## WHAT THE TASK ASKS
Please transcribe every record below exactly, leaving out the pictures.

▼

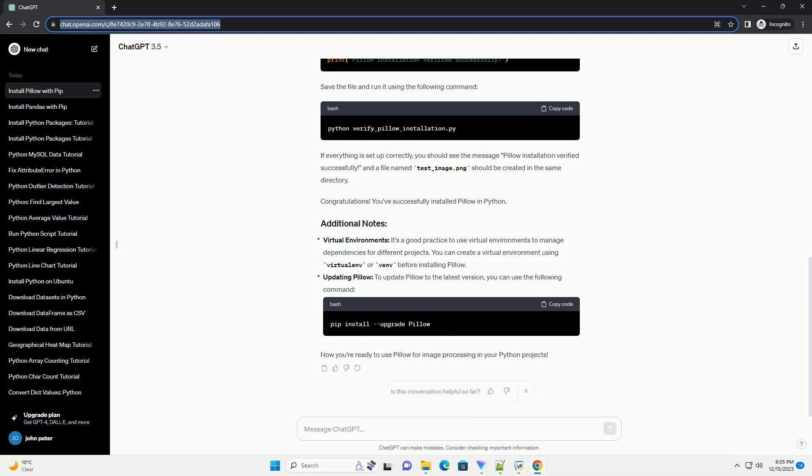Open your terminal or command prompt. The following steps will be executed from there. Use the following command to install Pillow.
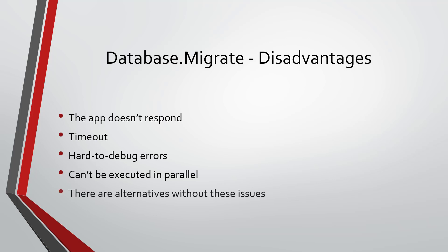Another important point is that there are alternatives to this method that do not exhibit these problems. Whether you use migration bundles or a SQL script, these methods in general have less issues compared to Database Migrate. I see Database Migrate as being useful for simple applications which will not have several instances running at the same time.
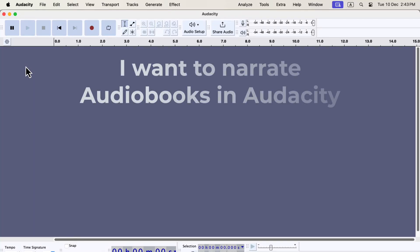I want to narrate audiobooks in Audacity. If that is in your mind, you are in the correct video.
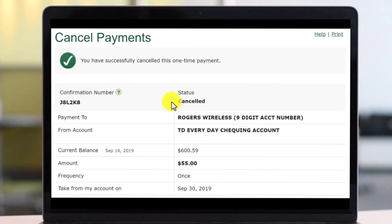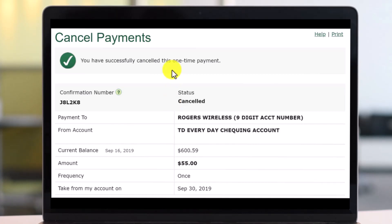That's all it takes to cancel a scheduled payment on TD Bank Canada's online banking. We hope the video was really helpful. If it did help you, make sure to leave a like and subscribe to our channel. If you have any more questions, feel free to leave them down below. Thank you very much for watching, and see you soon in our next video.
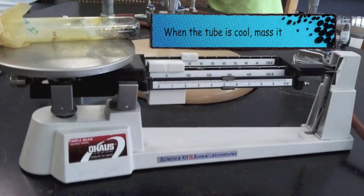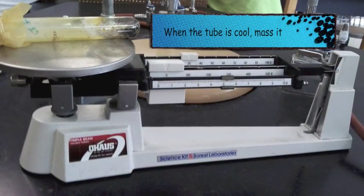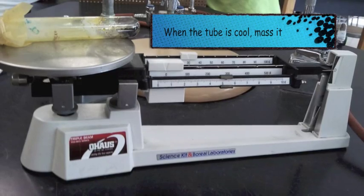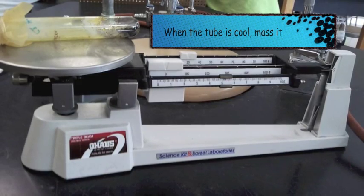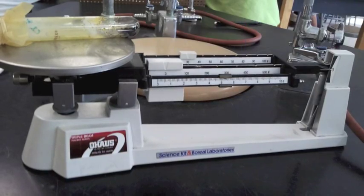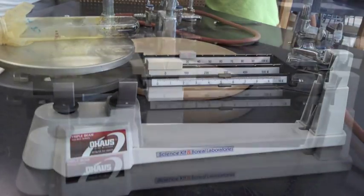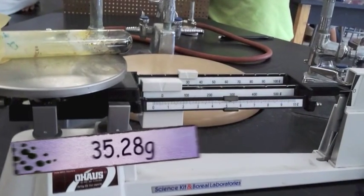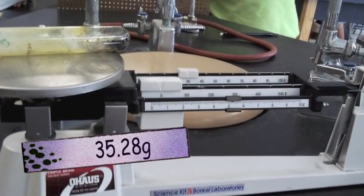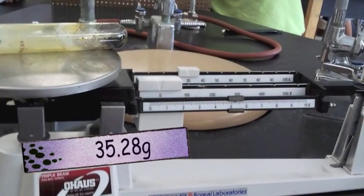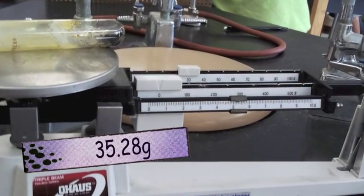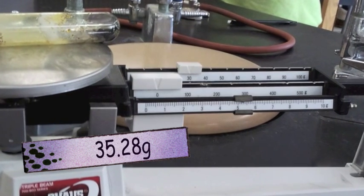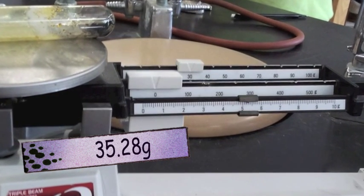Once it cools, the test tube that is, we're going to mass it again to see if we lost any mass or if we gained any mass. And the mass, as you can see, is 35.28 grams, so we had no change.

▲

## RESPONSE TO THE TASK
Open your terminal or command prompt. The following steps will be executed from there. Use the following command to install Pillow.
Another important point is that there are alternatives to this method that do not exhibit these problems. Whether you use migration bundles or a SQL script, these methods in general have less issues compared to Database Migrate. I see Database Migrate as being useful for simple applications which will not have several instances running at the same time.
I want to narrate audiobooks in Audacity. If that is in your mind, you are in the correct video.
That's all it takes to cancel a scheduled payment on TD Bank Canada's online banking. We hope the video was really helpful. If it did help you, make sure to leave a like and subscribe to our channel. If you have any more questions, feel free to leave them down below. Thank you very much for watching, and see you soon in our next video.
Once it cools, the test tube that is, we're going to mass it again to see if we lost any mass or if we gained any mass. And the mass, as you can see, is 35.28 grams, so we had no change.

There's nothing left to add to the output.